Tomorrow Mum is going to stand up in church and speak for a few minutes about him and his war service. I have written her a little speech but anyone who knows Mum, knows she won’t stick to it!

So that’s it, our day to remember all those who served, those who survived and those who made the ultimate sacrifice. It would be good to say it never happened again. That mankind learned a lesson from all the senseless slaughter and the loss of a generation or two of magnificent young men. But we know that isn’t true. War rages somewhere all the time and I suspect it always will. I know women who say that if women “ruled” the world there would be no war, I suspect they’ve never seen girls in a playground. I think it is more relevant to say that if the politicians and commanders had to sacrifice all their own children first, war would be harder to declare. Whatever happens, I will never forget them.

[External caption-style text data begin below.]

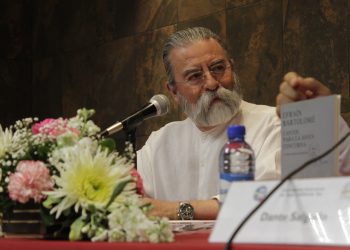 EL POETA EFRAÍN BARTOLOMÉ PARTICIPARÁ EN DOS EVENTOS LITERARIOS EN LA UABCS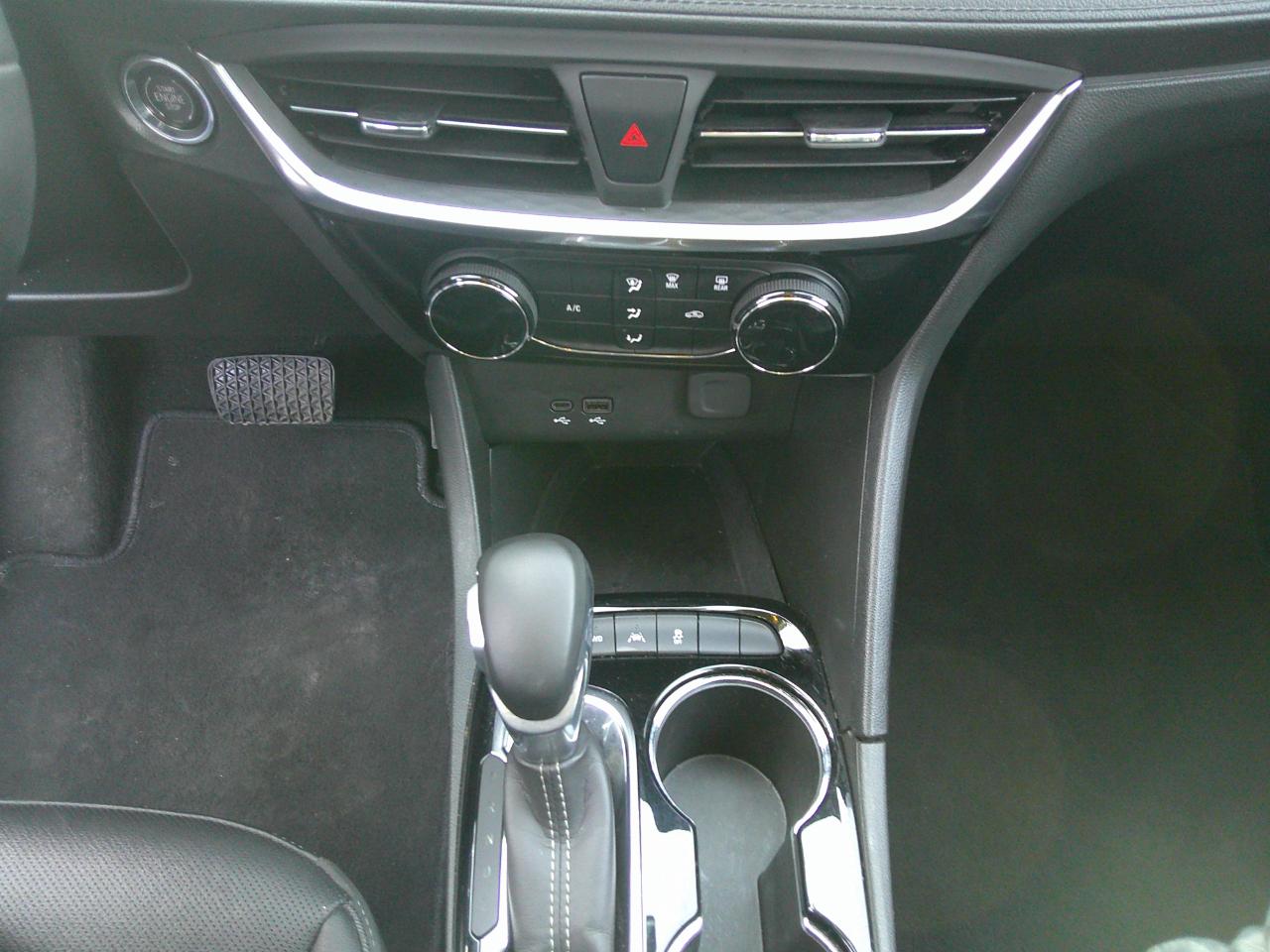 Buick Encore GX AWD 4dr Sport Touring 2024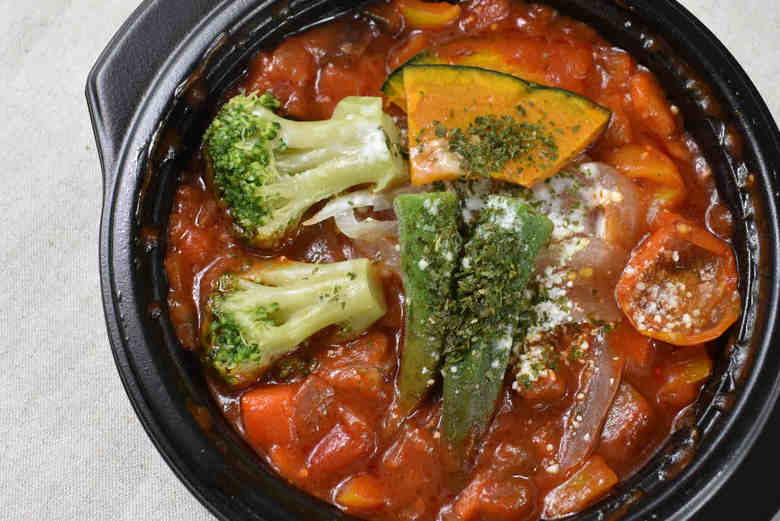 ナチュラルローソンの人気商品「1食分の野菜が摂れるラタトゥイユ」の実食画像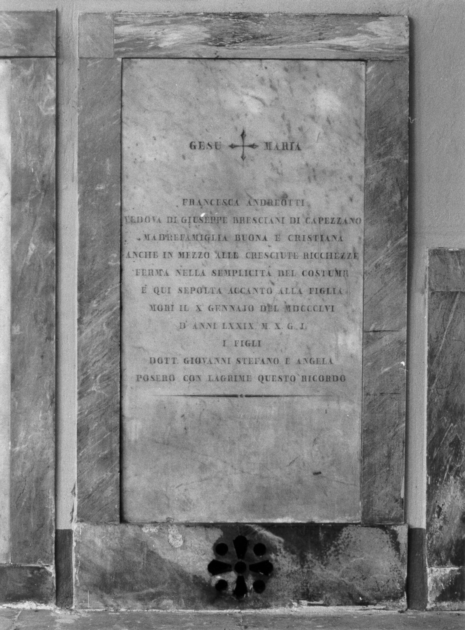 lapide tombale - ambito apuoversiliese (seconda metà sec. XIX)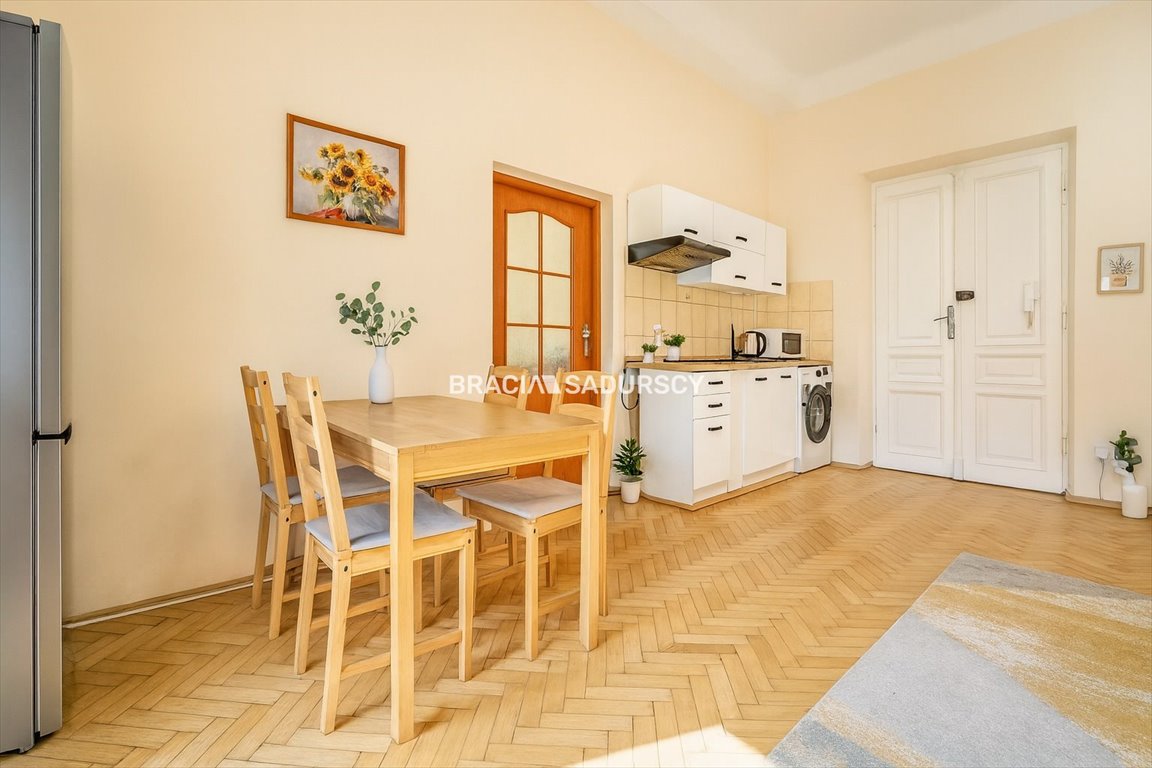 Do sprzedania przestronne 4-pokojowe mieszkanie z balkonem w centrum Krakowa Kraków, Stare Miasto, Stare Miasto, Długa  77m2 Foto 1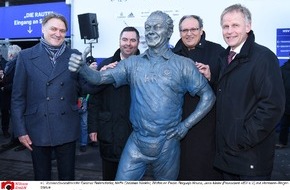 HSV Fußball AG: HSV-Presseservice: Hermann-Rieger-Statue eingeweiht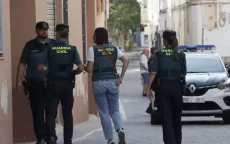 Spanjaard vermoordt Marokkaanse vrouw voor hun zoon en pleegt zelfmoord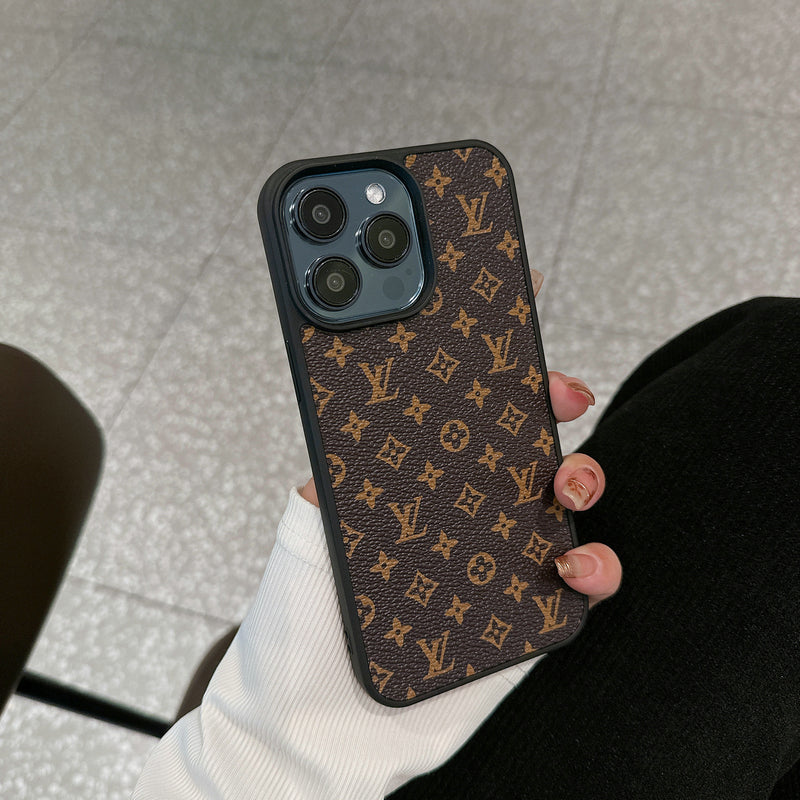 Avelena | LUXE LV GROSS LOGO IPHONE HÜLLE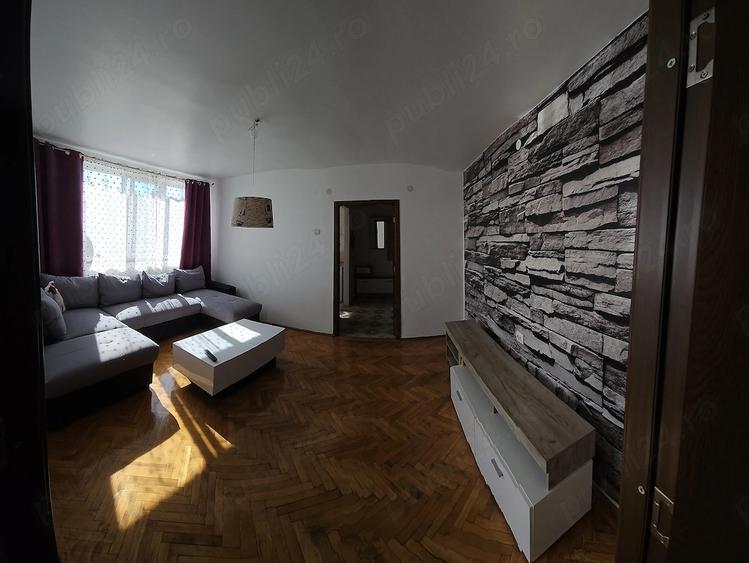Apartament cu 2 camere decomandat în Central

A reflection of war and death

Driving home from Lucas’s place this evening I heard the news on the car radio. Another New Zealand SAS soldier has been shot dead in Afghanistan. Obviously, my heart goes out to his grieving family. And the arguments will start over whether we should be there, again.

It pulled me up because I’m typing my Dad’s letters into the computer so I’m reading his thoughts as a 23-25 year old in the middle of a world war. He describes it as a “ghastly business” although readily admitting that he had some amazing experiences. He was shot up at least five times and made it home and crashed twice in the desert. One thing I have discovered by reading what others said about him was that he was a ‘damn fine pilot.’ He goes out of his way to pass tips on to youngsters, things he says saved his life many times over France.

But the thing that makes me think is the fact that he killed at least one man. He shared several “kills” with various wingmen (i.e. two planes were firing on one enemy aircraft and it is unclear who actually fired the bullets that ripped the plane apart) but on one occasion he found himself alone with a German ME 109 bearing down on a bomber and took the action necessary to blow the plane out of the sky and watch it hurtle to the ground with black smoke pouring out of it. I know he thought about that man, wondered who he was, where he came from, did he leave a wife? He planted a tree to honour him many years later. It reminds me of a line from a song about WWI, “at both ends of the rifle we’re the same.” Sure, he felt bitter about his friends and he watched many of them die, and they all hated “old Hitler” and it was, genuinely, kill or be killed. He expressed a desire to come home and have a ‘go at the Japs” and after the Pacific heated up at the end of 1941 he admits to thinking all the time about home and what will happen if the Japs invade….but he also talks at length about wanting to take an active role after the war to make sure this never happens again and if it does happen again in 25 years time, then that would constitute a betrayal of all those who died willingly so that those who were left could live in freedom. And it keeps happening. Mankind keeps going to war. If it were up to me I would institute a global law that we must do what the tribe in Papua New Guinea do, fight until someone draws first blood, right, you’re the winner, now let’s all go home.

On another note my book of short stories, “Stirred not Shaken” has been accepted into the Smashwords Premiere catalogue as well. That’s good news. It goes out to all the major ebook retailers in a day or two. And it will be free. Hopefully people will find it, read it and maybe want to read the novel too. I am about three days away from finishing, “Our Father’s War” and I shall upload that to Smashwords and Amazon as well, 99 cents at Amazon and free at Smashwords. I am going to print a copy for each of my three brothers and every one of Dad’s grandchildren, so one day they can share it and the knowledge of this brave man will live on. And I want them to know that there was a girl in England who called him “Halsey Palsey”, it is worth reading for that alone.